- [Exercise] In the records below, find the line with "5 x 7 in. Black", then copy each line exactly until you have copied the line with "Cartão de Natal com foto de". Leave any picture out.

- [Source material]
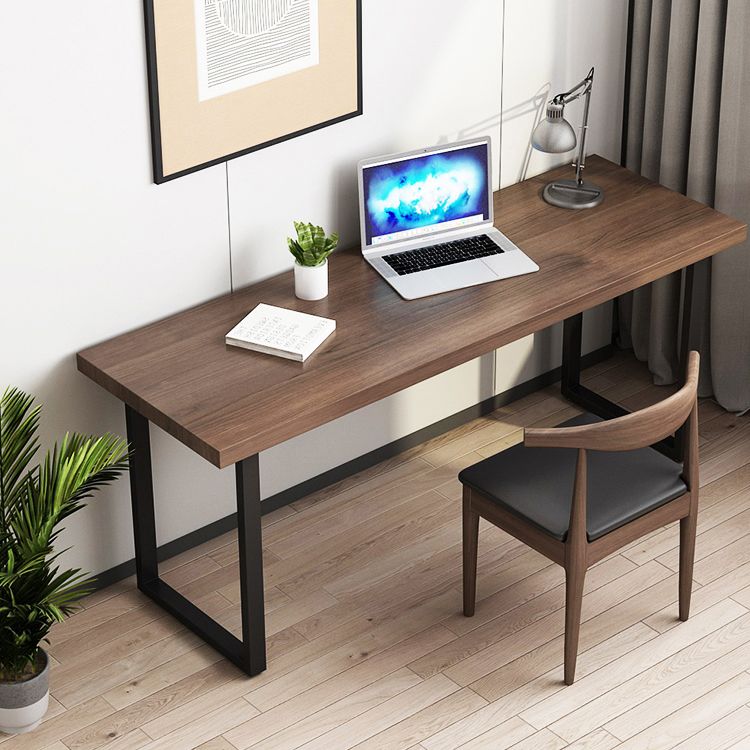 Industrial Style Office Desk Rectangle Wooden Sled Writing Desk for Home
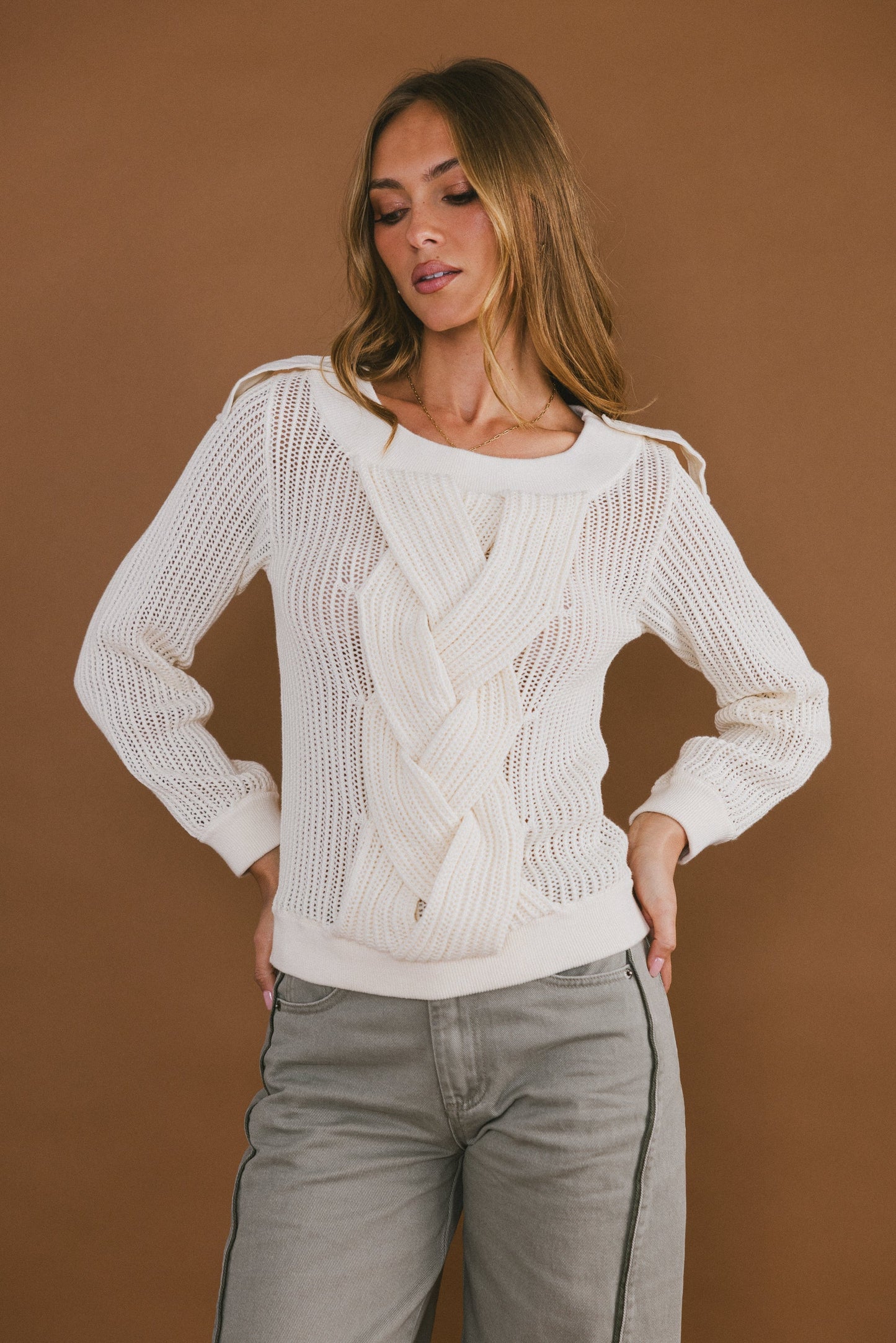 Brynn Braided Sweater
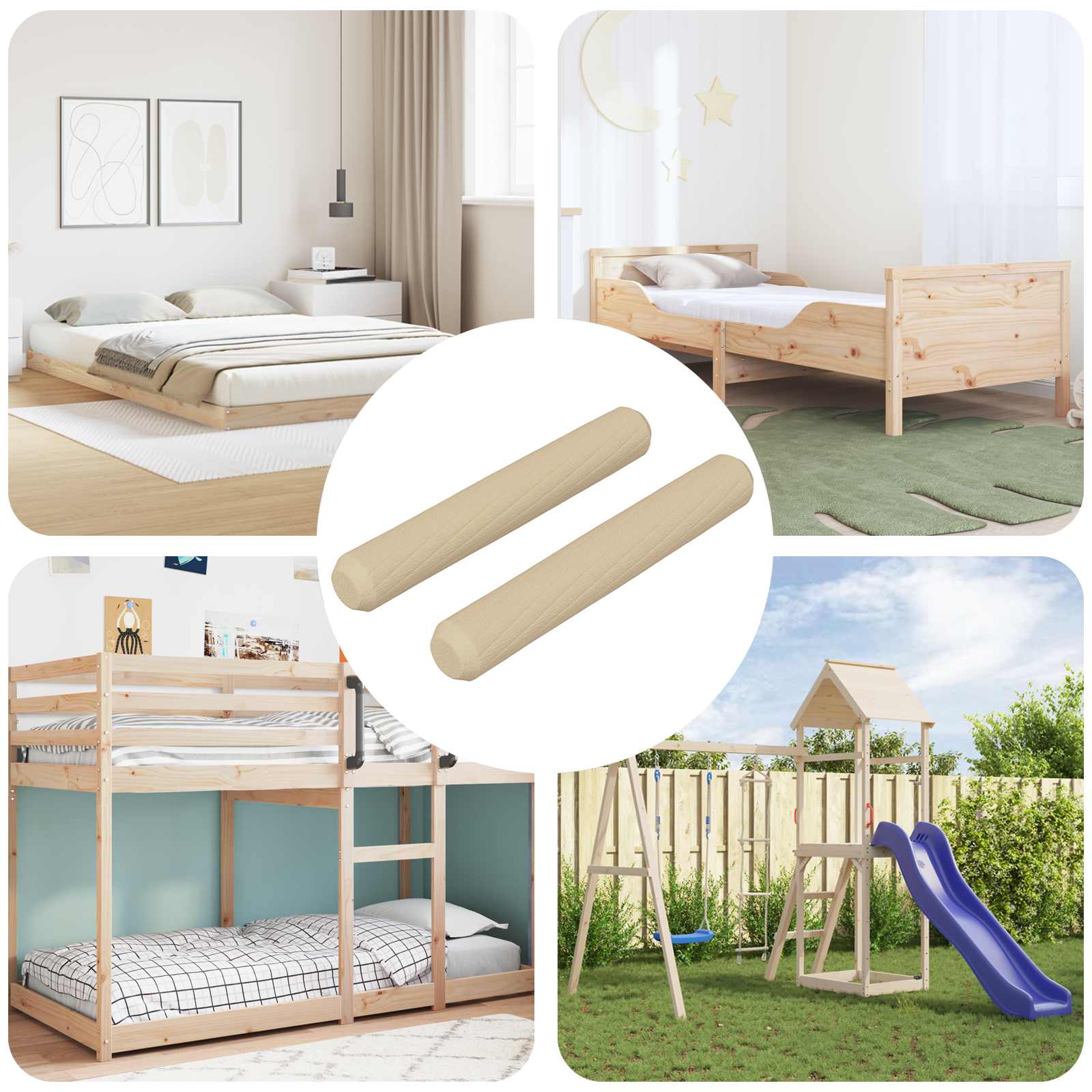 vidaXL Houten Dowels 2 pcs Naturel Ø 6 x 40 mm Massief Hout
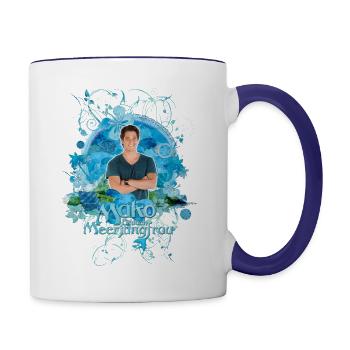 Mako Einfach Meerjungfrau Zac - Tasse zweifarbig - Weiß/Kobaltblau - Rechts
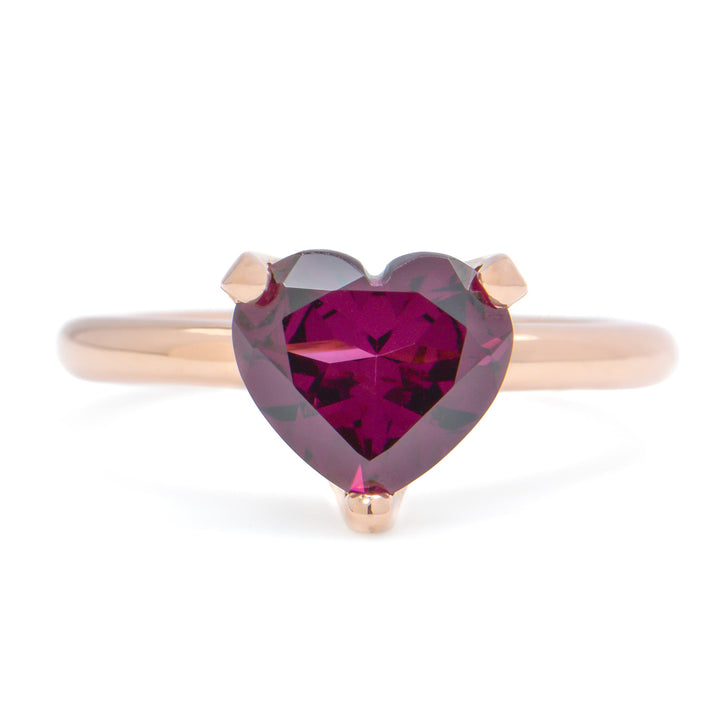 Rhodolite Garnet Heart Solitaire Ring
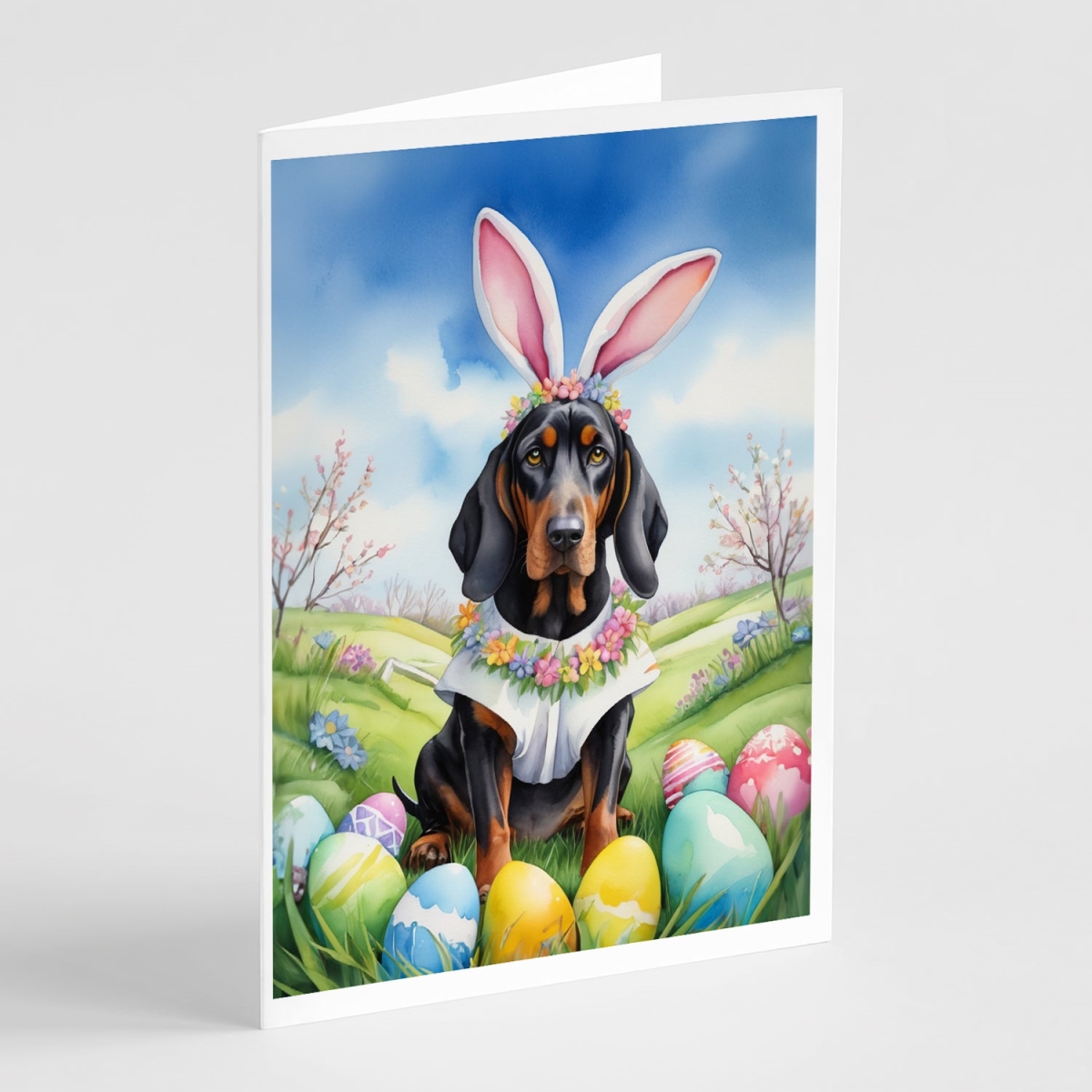 5 x 7 in. Black & Tan Coonhound Easter Egg Hunt Greeting Cards - Pack of 8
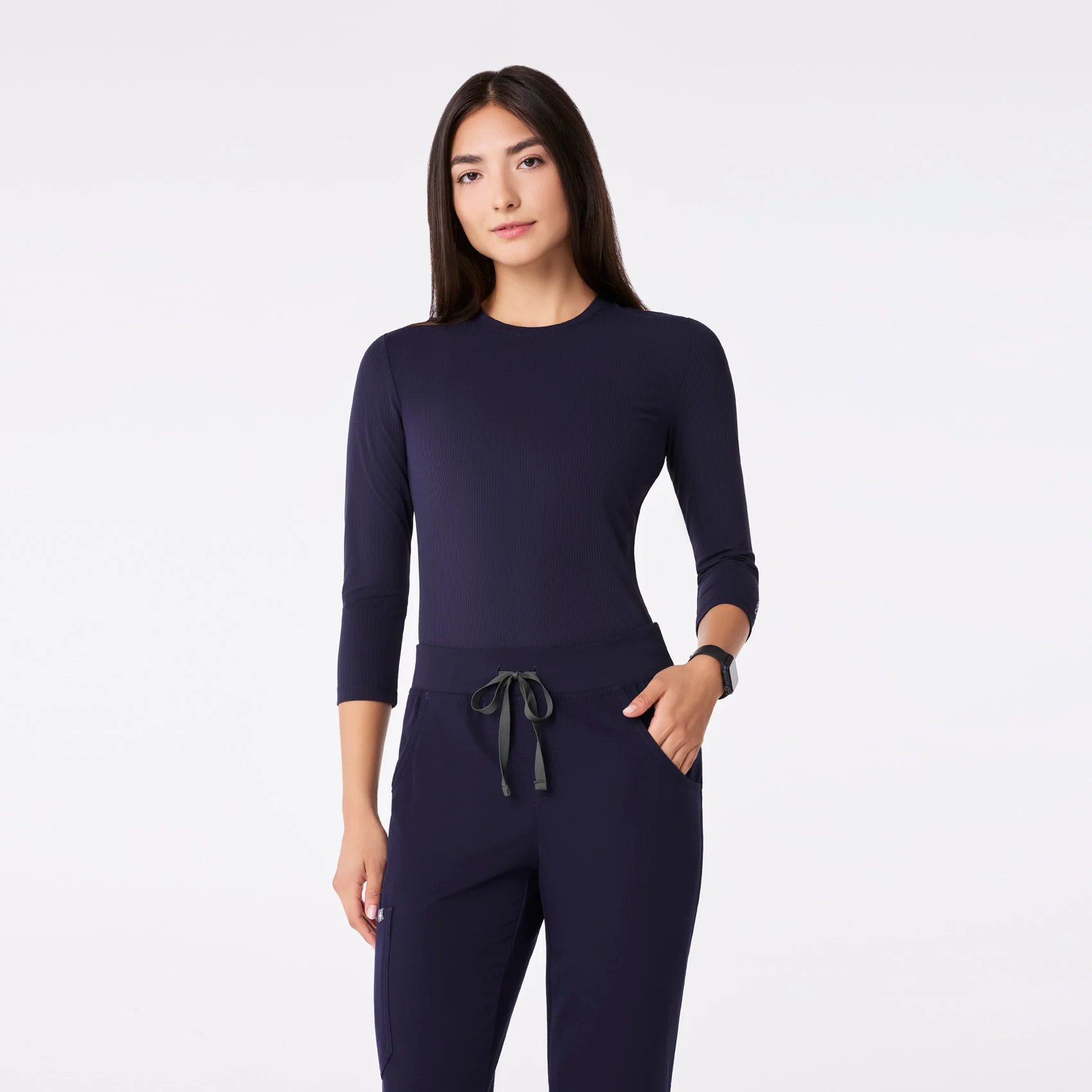 women's Navy Ribbed - ¾ Sleeve Underscrub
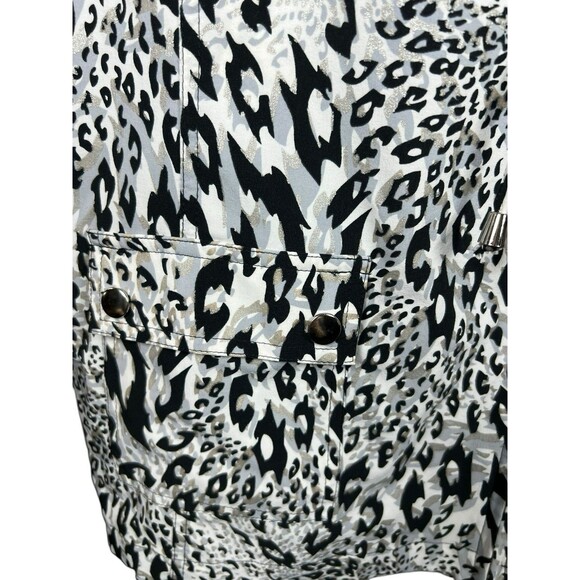 Chico's Zenergy Cheetah Metallic Full Zip‎ Jacket Womens Lightweight Hooded Sz L - Picture 7 of 12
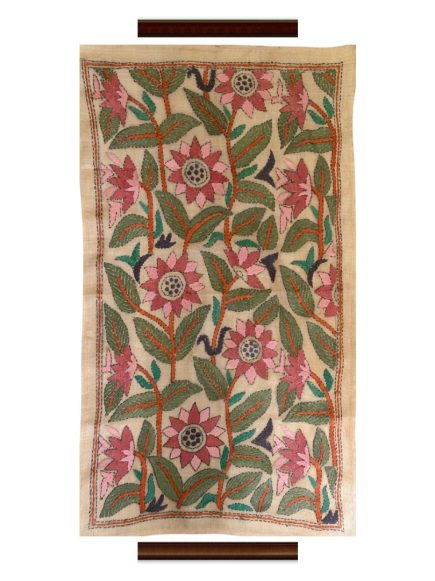 Flora- Kantha embroidered wall art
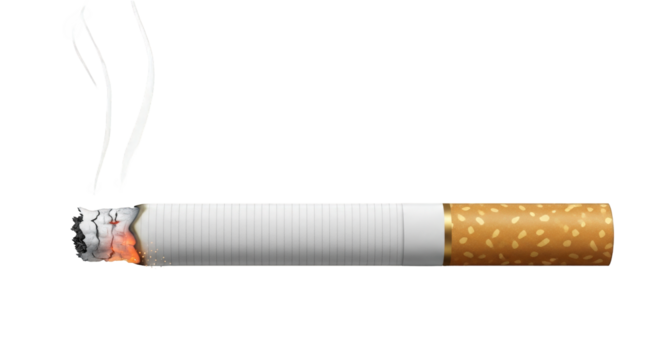 Smoking cigarette with rising smoke illustrates addiction, health risks, and cessation campaigns; a symbol for dangers, prevention, and personal choices - Powered by Adobe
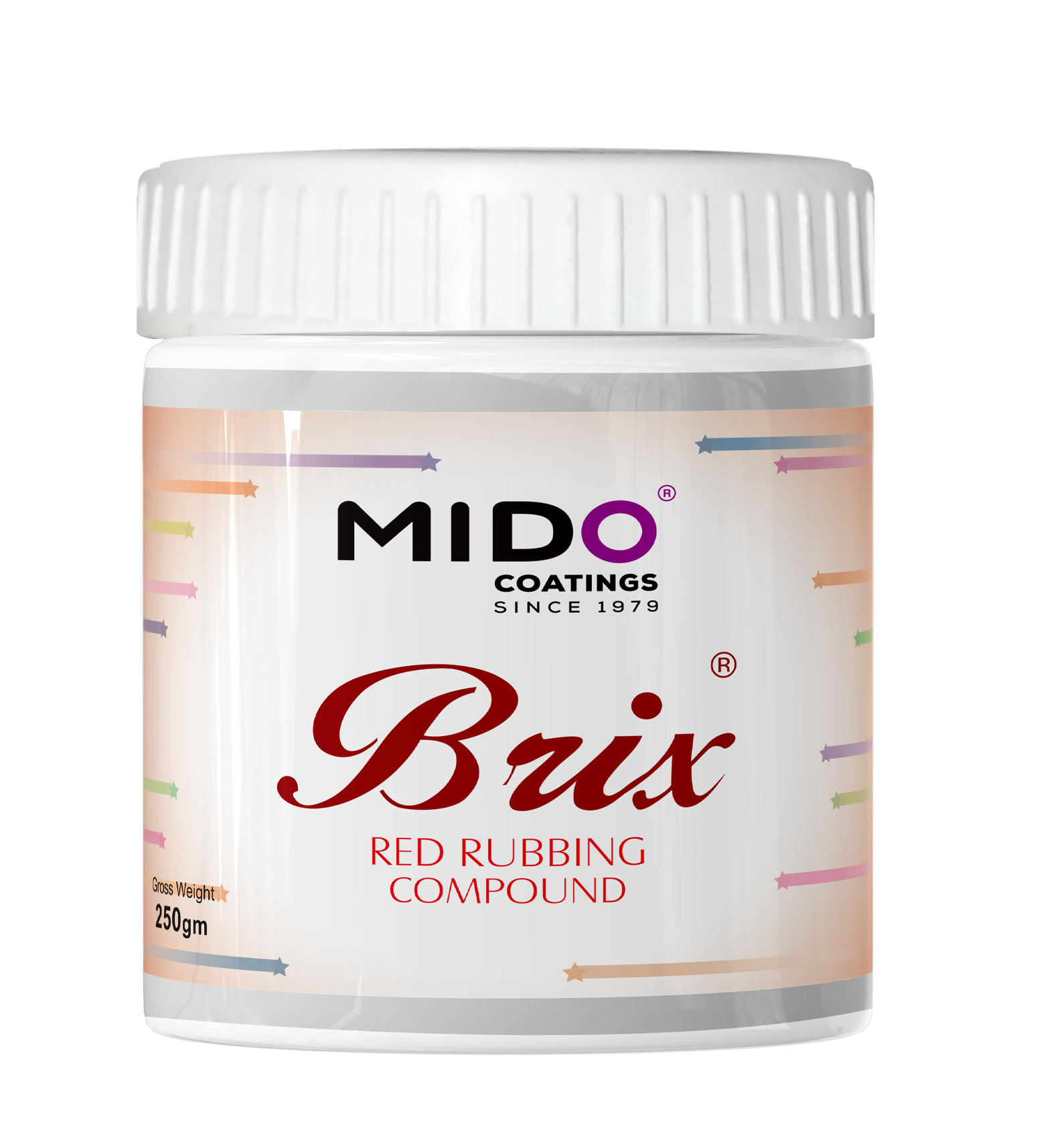 Brix Red Rubbing Compound in red packaging by Mido Coatings, designed for automotive detailing.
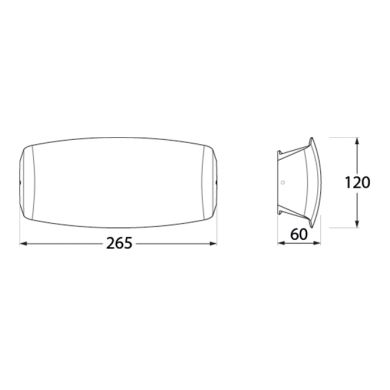 Aplique ABRAM 1xR7s (189mm) 10,5W botão CCT (3cores) IP55 C.26,5xL.6xAlt.12cm resina branca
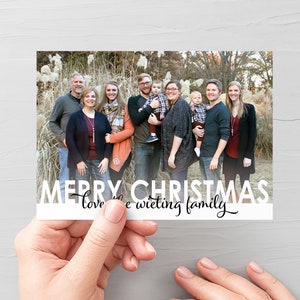 Cartão de Natal com foto de feriado para impressão, cartão de Natal com foto para impressão, cartão de Natal moderno para impressão, cartão de Natal personalizado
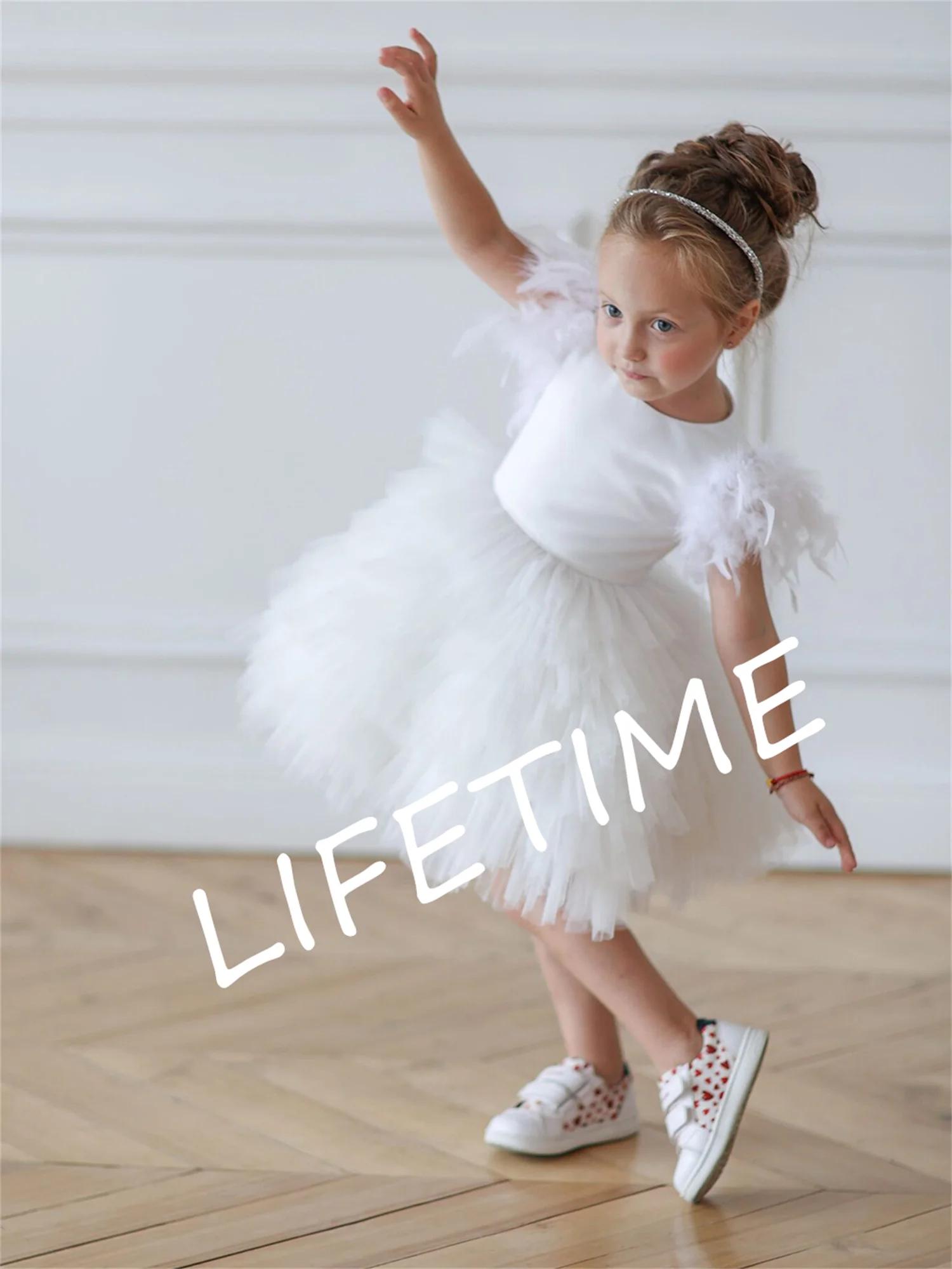 

White Flower Girl Dress Layers Girl Dress Feather Wedding Party Dress Kid's Birthday Dress First Communion Dress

- [Answer for the task]
 5 x 7 in. Black & Tan Coonhound Easter Egg Hunt Greeting Cards - Pack of 8
 women's Navy Ribbed - ¾ Sleeve Underscrub
 Chico's Zenergy Cheetah Metallic Full Zip‎ Jacket Womens Lightweight Hooded Sz L - Picture 7 of 12
 Flora- Kantha embroidered wall art
 Smoking cigarette with rising smoke illustrates addiction, health risks, and cessation campaigns; a symbol for dangers, prevention, and personal choices - Powered by Adobe
 Brix Red Rubbing Compound in red packaging by Mido Coatings, designed for automotive detailing.
 Aplique ABRAM 1xR7s (189mm) 10,5W botão CCT (3cores) IP55 C.26,5xL.6xAlt.12cm resina branca
 Cartão de Natal com foto de feriado para impressão, cartão de Natal com foto para impressão, cartão de Natal moderno para impressão, cartão de Natal personalizado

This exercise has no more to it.